-- Opening Marker --
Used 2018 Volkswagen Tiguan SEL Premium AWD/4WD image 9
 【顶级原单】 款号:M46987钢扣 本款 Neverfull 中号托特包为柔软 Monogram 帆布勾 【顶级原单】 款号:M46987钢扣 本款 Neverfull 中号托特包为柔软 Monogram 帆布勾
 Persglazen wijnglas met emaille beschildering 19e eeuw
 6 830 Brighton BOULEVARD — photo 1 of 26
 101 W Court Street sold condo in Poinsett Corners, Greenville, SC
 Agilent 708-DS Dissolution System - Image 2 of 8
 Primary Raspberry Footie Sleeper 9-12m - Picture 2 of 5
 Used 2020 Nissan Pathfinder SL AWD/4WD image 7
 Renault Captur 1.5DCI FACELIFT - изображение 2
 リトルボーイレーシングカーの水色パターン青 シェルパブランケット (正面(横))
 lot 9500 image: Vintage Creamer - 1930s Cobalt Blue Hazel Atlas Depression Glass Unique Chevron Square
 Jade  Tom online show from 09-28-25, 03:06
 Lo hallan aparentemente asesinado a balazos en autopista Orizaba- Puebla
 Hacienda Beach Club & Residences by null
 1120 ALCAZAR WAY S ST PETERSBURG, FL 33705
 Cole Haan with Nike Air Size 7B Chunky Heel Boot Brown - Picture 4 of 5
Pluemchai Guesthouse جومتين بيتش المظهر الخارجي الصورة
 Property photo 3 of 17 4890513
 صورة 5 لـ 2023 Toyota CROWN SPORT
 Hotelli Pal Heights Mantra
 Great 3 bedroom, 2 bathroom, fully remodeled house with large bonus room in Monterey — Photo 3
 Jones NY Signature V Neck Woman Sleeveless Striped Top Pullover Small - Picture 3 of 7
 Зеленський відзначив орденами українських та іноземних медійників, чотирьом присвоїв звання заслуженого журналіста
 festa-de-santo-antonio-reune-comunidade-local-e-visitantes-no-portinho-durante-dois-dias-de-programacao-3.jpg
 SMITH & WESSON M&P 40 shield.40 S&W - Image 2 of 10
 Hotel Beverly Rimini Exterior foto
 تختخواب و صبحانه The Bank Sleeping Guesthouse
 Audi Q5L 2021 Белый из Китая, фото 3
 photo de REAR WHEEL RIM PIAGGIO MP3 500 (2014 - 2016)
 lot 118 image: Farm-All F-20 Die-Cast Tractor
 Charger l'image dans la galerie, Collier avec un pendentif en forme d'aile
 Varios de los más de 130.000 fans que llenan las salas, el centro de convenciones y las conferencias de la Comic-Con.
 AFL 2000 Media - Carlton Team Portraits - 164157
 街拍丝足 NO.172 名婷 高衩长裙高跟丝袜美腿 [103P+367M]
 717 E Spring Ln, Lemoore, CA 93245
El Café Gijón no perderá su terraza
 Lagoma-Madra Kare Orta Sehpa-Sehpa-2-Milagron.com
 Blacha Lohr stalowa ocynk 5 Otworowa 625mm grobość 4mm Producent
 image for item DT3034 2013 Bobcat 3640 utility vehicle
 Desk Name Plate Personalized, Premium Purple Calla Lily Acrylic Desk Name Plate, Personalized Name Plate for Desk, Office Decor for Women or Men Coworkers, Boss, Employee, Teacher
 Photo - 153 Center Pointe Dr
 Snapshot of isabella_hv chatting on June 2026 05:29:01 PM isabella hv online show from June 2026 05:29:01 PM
-- Closing Marker --
- **Work order**: Reproduce word for word the material above, starting with the line that has "Pluemchai Guesthouse جومتين" and stopping after the line that has "lot 118 image: Farm-All".

- **Output below**:
Pluemchai Guesthouse جومتين بيتش المظهر الخارجي الصورة
 Property photo 3 of 17 4890513
 صورة 5 لـ 2023 Toyota CROWN SPORT
 Hotelli Pal Heights Mantra
 Great 3 bedroom, 2 bathroom, fully remodeled house with large bonus room in Monterey — Photo 3
 Jones NY Signature V Neck Woman Sleeveless Striped Top Pullover Small - Picture 3 of 7
 Зеленський відзначив орденами українських та іноземних медійників, чотирьом присвоїв звання заслуженого журналіста
 festa-de-santo-antonio-reune-comunidade-local-e-visitantes-no-portinho-durante-dois-dias-de-programacao-3.jpg
 SMITH & WESSON M&P 40 shield.40 S&W - Image 2 of 10
 Hotel Beverly Rimini Exterior foto
 تختخواب و صبحانه The Bank Sleeping Guesthouse
 Audi Q5L 2021 Белый из Китая, фото 3
 photo de REAR WHEEL RIM PIAGGIO MP3 500 (2014 - 2016)
 lot 118 image: Farm-All F-20 Die-Cast Tractor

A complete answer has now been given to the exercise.